Symptoms of Vitamin B Deficiency

People from even developed countries can develop vitamin B deficiency. This deficiency can result into several deficiency symptoms or even diseases. Deficiency of vitamin B6 can cause swelling of the tongue and depression. Whereas, deficiency of vitamin B12 can result into a type of anemia, cognitive impairment, fatigue and memory problems. If you have prolonged deficiency of biotin in your body, you will experience hair loss, brittle nails, fatigue and dry skin.

Consumption of Too Much Vitamin B

Generally, all the B vitamins are eliminated from our system through urine, but if a person consumes more than daily recommended dose, it can pose several health threats or even result in cancer. High doses of vitamin B3 are recommended to people suffering from high level of cholesterol. They are advised to consume around two to three grams Vitamin B3 or niacin each day. Yet this amount of vitamin B3 can cause jaundice, nausea and elevated enzymes in liver. Good news is that these symptoms will disappear once you discontinue consuming this extra dose of vitamin B3. Consumption of too much vitamin B6 (also known as pyridoxine) can be extremely dangerous resulting in nerve damage, tingling or numbness. The daily recommended dosage of vitamin B6 is 100 mg. Several findings have revealed that men who consume more than daily recommended dosage of vitamin B6 are at an increased risk of developing lung cancer. This is even more true for the males who smoke.

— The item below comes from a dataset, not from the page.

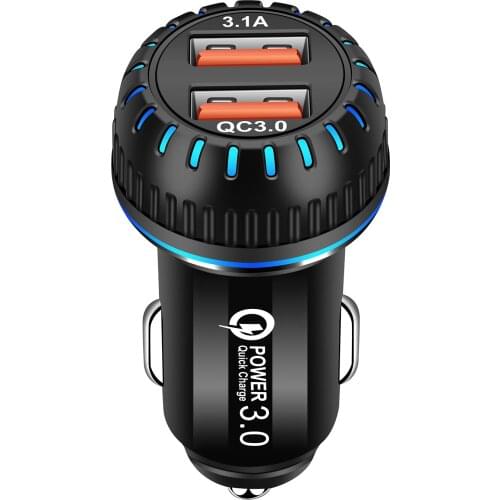 Dual Ports USB Fast Charging Phone Charger In Car QC3.0 USB Luminous Car Charger for Iphone Samsung Mobile Phone 3.1A+QC3.0 Port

Choosing Vitamin B Supplements

There is no special need to choose whole vitamin B-complex supplement or to take them separately by consuming special supplements apart from your daily multivitamin or mutlimineral capsule. That mutimineral/multivitamin tablet you are consuming would generally cover all the B vitamins. In certain cases, you might be advised to take a B vitamins supplement separately. Vitamin B12 can be recommended for people who regularly use acid-controlling drugs such as proton-pump inhibitors or H-2 blockers and those suffering from type-2 diabetes. Dr. Weil suggests consulting your doctor before beginning any kind of supplements for your daily B vitamins requirement.